The Canadian horn wouldn’t do: It was too big to clear U.S. train tunnels, Ellsworth said. And he wanted a different set of notes for American ears. The result was a harsher, but arguably more upbeat, sound than the plaintive wail of the Canadian horn. The American version, known as a K5LA, would become popular on passenger trains all over the country.
Caltrain used to use it, but the commuter rail now relies on new two-trumpet horns mounted on each end of its trains. Unlike the K5LAs, which perch atop train roofs, the new horns are banished to the underside of cab cars and locomotives. And they’re encased in boxes that are open only in front, so the sound is aimed forward to cut its intrusion into back yards and bedroom windows.
Challenger would like all trains to use a five-trumpet horn — preferably the original version, not the Americanized one — instead of two- or three-trumpet varieties. To put the difference in perspective, consider the sound of striking five keys on a piano instead of two. “It’s got more body to it,” Challenger said.
Altering the sound too much could be dangerous, though: Drivers need to know the horn signifies an approaching train, he said.
Trying to be good neighbors
Caltrain agrees.
“We want to be good neighbors, but our first priority is always going to be both the safety of the pedestrians and vehicles crossing the tracks and the safety of the people on the train,” said spokeswoman Jayme Maltbie.
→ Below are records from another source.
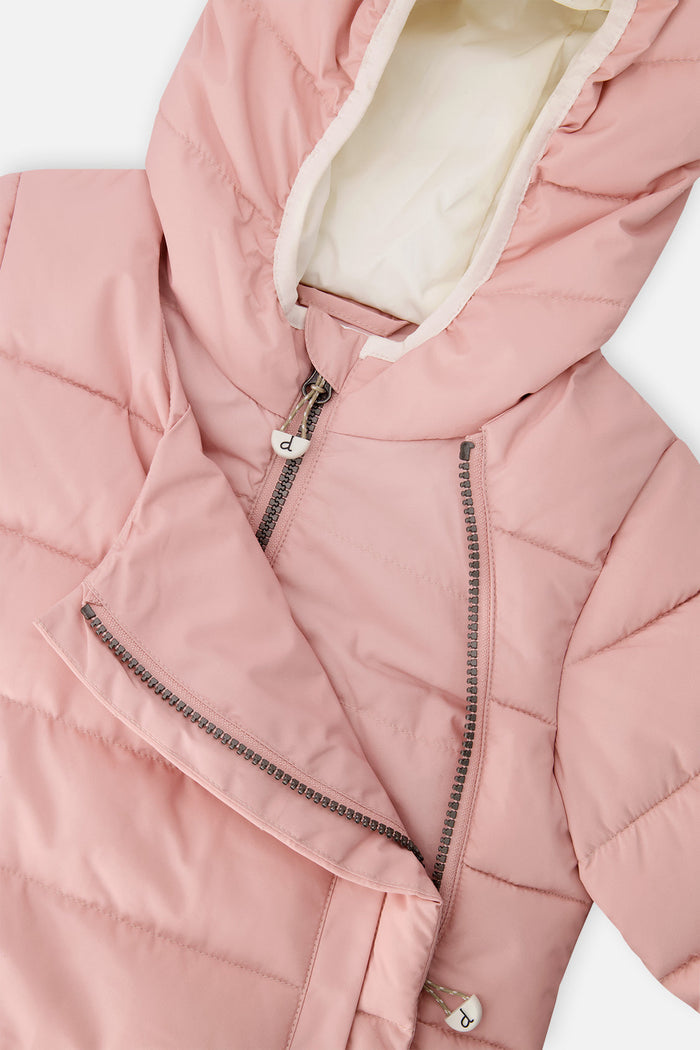 Deux par Deux winter jacket adapted for car seats, pale dusty pink: close-up with the front panel opened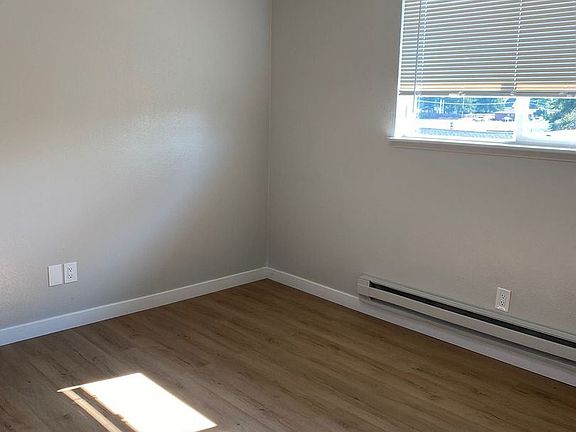 5th image of 10915 Freiday St SW #4
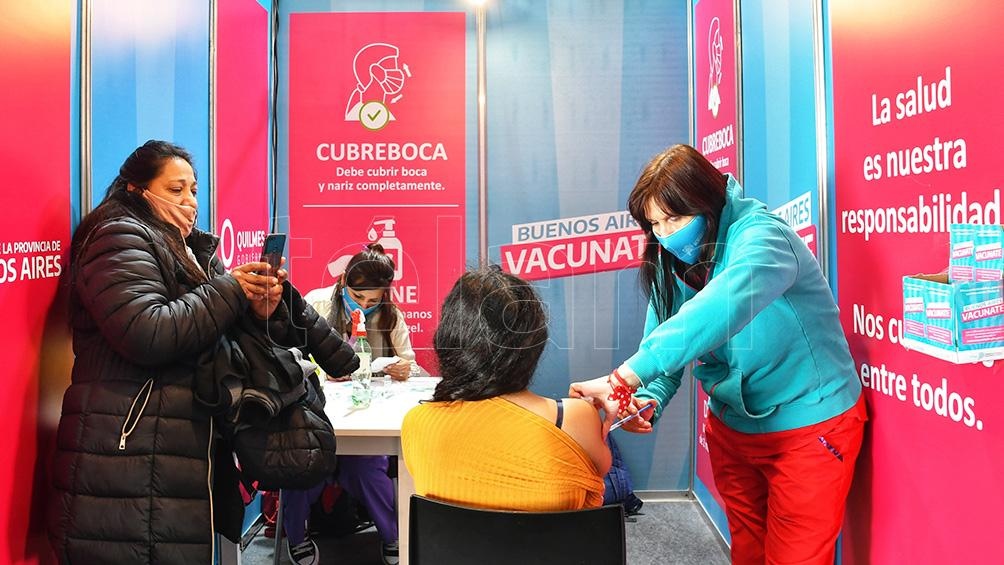 En el distrito bonaerense son 154.191 las personas de este grupo poblacional que iniciaron su esquema de vacunación (Foto: Paula Ribas).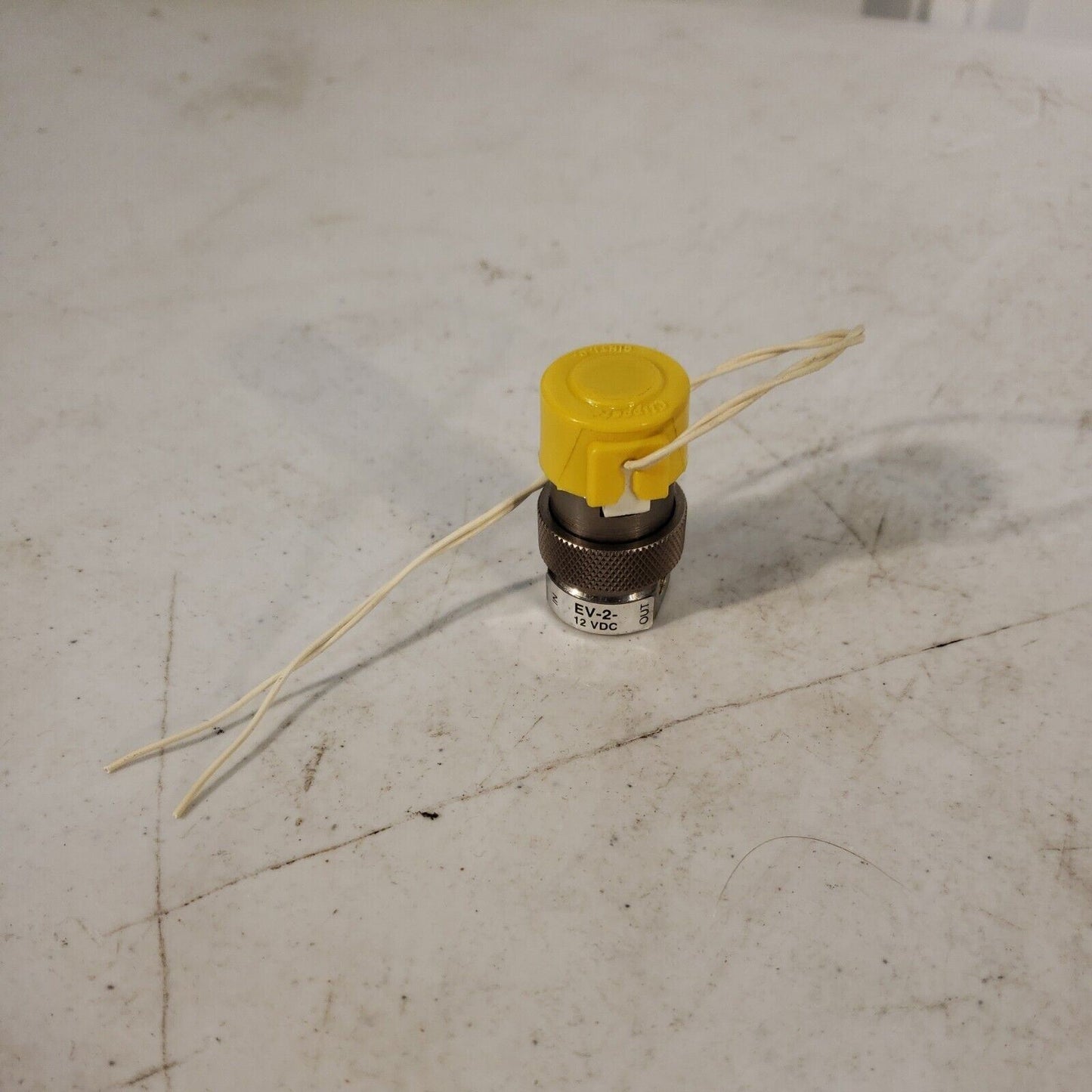Clippard EV-2-12VDC 2-Way Normally Closed Valve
In 2001, 14 people were killed by Caltrain; nine were suicides. Two people have been killed this year, and a boy playing “chicken” with the train was hit but survived.
Still, Jim Evans hopes Caltrain does something to improve the horn’s peal.
“They had a sound that was nice,” he said. “It was a little loud, and now they have a sound that is awful — and it’s still loud.”
Evans, who lives in Burlingame and works in Oakland, commutes to work by Caltrain and BART. He works at BART as a senior transportation planner.
Evans has harbored a lifelong interest in trains, but his passion is specific: train horns. He wishes Caltrain would have opted for the roof-mounted three-note horn like those used on the Southern Pacific trains on the same track years ago.
“They sound pretty mellow,” he said. “They’re not a startling sound. It’s generally pretty pleasant.”
Petitjean listened to several horn recordings to see if she had a preference among the horns she so reviles.
Swanson’s original Canadian horn, with its five tones, sounded “horrible,” she said. The modified American version of that horn, the K5LA, was worse.
Although she’d still prefer no horns at all, the three-trumpet horn that Evans favors sounded the best to Petitjean.
But one person’s Pavarotti is another’s aural nightmare: A horn that Evans or Petitjean might like could sound terrible to someone else.
Caltrain’s Maltbie knows it: “If we change the horns, we may irritate somebody else who isn’t complaining.”